Since I was in carbon mode, I also wrote up my new material Hexacarbon: https://timeguide.wordpress.com/2023/05/05/super-chemistry-unveiling-a-new-carbon-allotrope-hexacarbon-and-four-pathways-to-achieve-it/

I also had some fun reinventing the wheel for supersonic cars like the Thrust SSC. https://timeguide.wordpress.com/2023/05/23/rethinking-wheels-for-supersonic-cars/

and further developed an old idea for new kind of musical instruments: https://timeguide.wordpress.com/2023/10/28/redefining-resonance-the-future-of-string-instruments/

As well as my EDNA book, I wrote several others using AI. One on Argentine Tango, one on local walks, one extracting the wisdom from old folk tales around the world and a few silly ones, such as the Power of Three. AI has given me a lot of enjoyment, but I’ve also contributed a lot of good ideas to it, not just this year, but in the past. I got AI to look at some of my old papers from decades ago, and the ideas in them were typically 20 years ahead of the field. I hope my latest ones are closer, since I’d like to see some of them work.
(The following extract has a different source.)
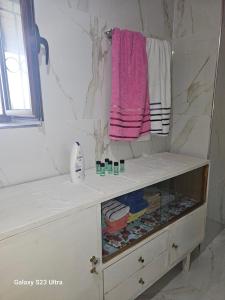 a bathroom with a vanity with a pink towel at Xhumba Guesthouse in Dhuvjan +30 photos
At the end of the summer, I did a small project rethinking the basis of quantum theory, and came up with a new one, sub-quantum theory. One day, we’ll know whether it just rubbish or if other scientists follow me down that same road.

So it’s been a very good year for me in terms of ideas, with my EDNA, new life forms, a new theory of life’s origins, inverse capacitors, new kinds of rockets and weapons and lots of AI and quantum computing. In spite of losing a few months to medical issues, 2023 has been my most productive year ever. I spent much of the last week or two writing music and songs, just for a change. Why not?

Retirement is about not having to work for money any more, and doing what you want instead, and in however long I have left before my brain stops working properly, I’ll happily carry on doing more of the same. When you aren’t shackled by just paying bills, you can think more freely.